Sliding window is appropriate for conversational agents where the current task is primarily informed by the last few exchanges — customer support, interactive data analysis, multi-turn document review. It is not appropriate for workflows where a decision made early in the session constrains actions later — the agent cannot reference that decision if it has slid out of the window.

Pattern 2: Incremental Compression

When the context approaches a configurable threshold (e.g., 70% of the model's context limit), compress the oldest N messages into a summary using an LLM call, then replace those messages with the summary. The recent K messages are always kept verbatim. This pattern is more coherent than sliding window because it retains a compressed representation of the full history rather than discarding it entirely.

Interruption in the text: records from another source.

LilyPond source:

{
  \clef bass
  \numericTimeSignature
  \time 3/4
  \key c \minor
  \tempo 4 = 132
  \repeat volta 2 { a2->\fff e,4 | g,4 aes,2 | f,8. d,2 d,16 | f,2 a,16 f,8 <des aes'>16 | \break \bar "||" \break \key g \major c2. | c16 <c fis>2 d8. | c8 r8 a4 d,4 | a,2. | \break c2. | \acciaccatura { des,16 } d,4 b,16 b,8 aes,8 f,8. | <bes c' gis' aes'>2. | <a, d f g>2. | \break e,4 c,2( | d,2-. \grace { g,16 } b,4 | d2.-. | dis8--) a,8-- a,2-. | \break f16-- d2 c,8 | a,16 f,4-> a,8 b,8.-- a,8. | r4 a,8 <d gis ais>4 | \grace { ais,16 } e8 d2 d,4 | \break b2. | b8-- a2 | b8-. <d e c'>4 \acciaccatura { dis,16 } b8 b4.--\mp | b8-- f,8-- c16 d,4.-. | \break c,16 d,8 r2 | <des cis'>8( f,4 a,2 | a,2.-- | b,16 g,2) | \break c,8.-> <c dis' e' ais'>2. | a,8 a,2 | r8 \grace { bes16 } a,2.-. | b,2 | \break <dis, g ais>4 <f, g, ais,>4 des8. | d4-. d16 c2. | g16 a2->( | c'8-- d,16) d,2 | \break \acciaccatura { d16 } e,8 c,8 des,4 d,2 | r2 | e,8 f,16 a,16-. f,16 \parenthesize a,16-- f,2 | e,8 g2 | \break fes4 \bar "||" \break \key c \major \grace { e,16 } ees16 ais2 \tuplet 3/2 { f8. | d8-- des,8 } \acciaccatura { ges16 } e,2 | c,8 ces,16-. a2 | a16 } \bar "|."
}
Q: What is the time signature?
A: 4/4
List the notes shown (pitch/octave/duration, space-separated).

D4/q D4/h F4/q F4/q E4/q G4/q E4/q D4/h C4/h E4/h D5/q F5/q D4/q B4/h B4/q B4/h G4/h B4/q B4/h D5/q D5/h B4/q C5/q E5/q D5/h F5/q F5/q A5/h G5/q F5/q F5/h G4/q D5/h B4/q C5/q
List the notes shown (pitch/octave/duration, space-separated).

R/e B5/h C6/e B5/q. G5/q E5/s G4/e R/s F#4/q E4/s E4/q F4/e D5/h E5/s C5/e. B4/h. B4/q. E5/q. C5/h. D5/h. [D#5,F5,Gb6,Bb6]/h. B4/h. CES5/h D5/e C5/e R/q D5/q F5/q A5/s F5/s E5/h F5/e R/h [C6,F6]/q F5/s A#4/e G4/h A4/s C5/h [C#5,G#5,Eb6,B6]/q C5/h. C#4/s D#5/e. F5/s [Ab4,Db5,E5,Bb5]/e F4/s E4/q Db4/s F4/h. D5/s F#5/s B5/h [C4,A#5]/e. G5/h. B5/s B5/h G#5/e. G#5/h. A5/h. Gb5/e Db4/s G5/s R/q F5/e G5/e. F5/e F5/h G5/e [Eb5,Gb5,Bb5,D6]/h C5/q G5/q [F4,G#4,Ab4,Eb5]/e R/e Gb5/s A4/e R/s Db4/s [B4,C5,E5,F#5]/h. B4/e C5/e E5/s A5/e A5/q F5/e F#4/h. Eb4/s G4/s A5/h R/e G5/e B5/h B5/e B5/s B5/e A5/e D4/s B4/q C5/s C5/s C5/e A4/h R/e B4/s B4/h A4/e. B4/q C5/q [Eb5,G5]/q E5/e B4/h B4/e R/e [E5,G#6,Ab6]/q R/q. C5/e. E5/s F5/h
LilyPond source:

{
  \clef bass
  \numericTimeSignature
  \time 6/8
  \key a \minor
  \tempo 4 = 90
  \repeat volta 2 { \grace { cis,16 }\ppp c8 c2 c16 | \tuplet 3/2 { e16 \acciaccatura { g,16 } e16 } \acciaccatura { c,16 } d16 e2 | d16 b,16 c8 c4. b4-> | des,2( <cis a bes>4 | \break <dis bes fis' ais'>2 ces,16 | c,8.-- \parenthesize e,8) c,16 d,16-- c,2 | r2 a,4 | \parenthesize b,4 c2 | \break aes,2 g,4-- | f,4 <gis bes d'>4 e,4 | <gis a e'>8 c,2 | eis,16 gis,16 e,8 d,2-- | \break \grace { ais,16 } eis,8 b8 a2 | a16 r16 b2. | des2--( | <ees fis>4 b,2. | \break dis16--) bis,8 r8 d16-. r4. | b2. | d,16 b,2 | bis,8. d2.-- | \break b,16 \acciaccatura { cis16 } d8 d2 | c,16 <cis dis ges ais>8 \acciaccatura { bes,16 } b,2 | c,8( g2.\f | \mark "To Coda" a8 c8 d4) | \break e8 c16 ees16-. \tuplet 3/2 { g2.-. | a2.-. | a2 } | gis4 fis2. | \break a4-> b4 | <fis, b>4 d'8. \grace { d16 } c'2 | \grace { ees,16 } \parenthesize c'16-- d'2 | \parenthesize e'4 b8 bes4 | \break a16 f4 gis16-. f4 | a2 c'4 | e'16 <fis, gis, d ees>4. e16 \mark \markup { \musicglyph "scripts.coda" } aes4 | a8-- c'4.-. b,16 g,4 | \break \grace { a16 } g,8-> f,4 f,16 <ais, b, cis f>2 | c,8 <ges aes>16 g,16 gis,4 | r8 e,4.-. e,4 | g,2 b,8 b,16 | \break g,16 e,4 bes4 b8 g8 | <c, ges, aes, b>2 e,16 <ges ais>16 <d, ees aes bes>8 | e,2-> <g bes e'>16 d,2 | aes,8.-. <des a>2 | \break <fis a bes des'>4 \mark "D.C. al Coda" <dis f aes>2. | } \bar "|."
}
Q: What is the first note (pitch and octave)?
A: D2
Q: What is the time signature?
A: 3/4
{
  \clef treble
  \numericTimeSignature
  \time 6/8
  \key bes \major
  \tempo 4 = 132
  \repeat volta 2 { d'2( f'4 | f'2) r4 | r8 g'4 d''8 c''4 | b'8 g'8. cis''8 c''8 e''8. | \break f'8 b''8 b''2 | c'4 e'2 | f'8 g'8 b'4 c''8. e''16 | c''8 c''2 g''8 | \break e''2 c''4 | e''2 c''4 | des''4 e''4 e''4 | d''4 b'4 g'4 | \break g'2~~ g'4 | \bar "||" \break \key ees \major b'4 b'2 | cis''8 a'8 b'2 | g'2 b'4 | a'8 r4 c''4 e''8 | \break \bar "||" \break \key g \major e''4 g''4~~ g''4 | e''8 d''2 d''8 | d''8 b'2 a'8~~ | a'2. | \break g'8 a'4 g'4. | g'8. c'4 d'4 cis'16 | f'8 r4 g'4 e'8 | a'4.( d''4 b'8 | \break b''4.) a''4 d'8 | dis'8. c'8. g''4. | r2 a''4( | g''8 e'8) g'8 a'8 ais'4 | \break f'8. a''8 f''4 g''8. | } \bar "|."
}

The compression prompt is critical: it should instruct the LLM to preserve decisions made, commitments created, facts established, and open questions — the information that is most likely to be relevant to future steps. Generic summaries that capture narrative flow without preserving these structured facts are not useful for agent context management.

Pattern 3: Selective Context Injection

Rather than managing a single linear context, selective injection maintains a full history in an external store (a vector database or a structured message store) and at each step retrieves only the K most relevant prior messages based on semantic similarity to the current query or task. This is the highest-quality pattern for complex long-running workflows where different earlier exchanges are relevant to different later steps.

The engineering cost is higher: you need a vector store, an embedding pipeline for message content, and a retrieval query at each step. The operational complexity is justified for workflows spanning hours or days where the agent's history is large enough that no summarisation strategy can adequately compress it without losing important context.

Pattern 4: External Memory with Semantic Search

For agents that must maintain memory across separate sessions — a strategic planning agent that continues a workflow from a previous day, or a customer success agent that must recall conversations from weeks ago — in-context compression is insufficient. External memory stores the full conversation history and any extracted facts/decisions in a persistent store (vector database for semantic retrieval, optionally a structured store for explicit facts) and retrieves relevant context at the start of each new session.

This pattern is implemented in LangChain via the ConversationEntityMemory and VectorStoreRetrieverMemory classes, or as a custom implementation that generates a 'session brief' at session start by retrieving the N most relevant prior exchanges and the extracted entity/fact store. The session brief replaces a full conversation history in the context.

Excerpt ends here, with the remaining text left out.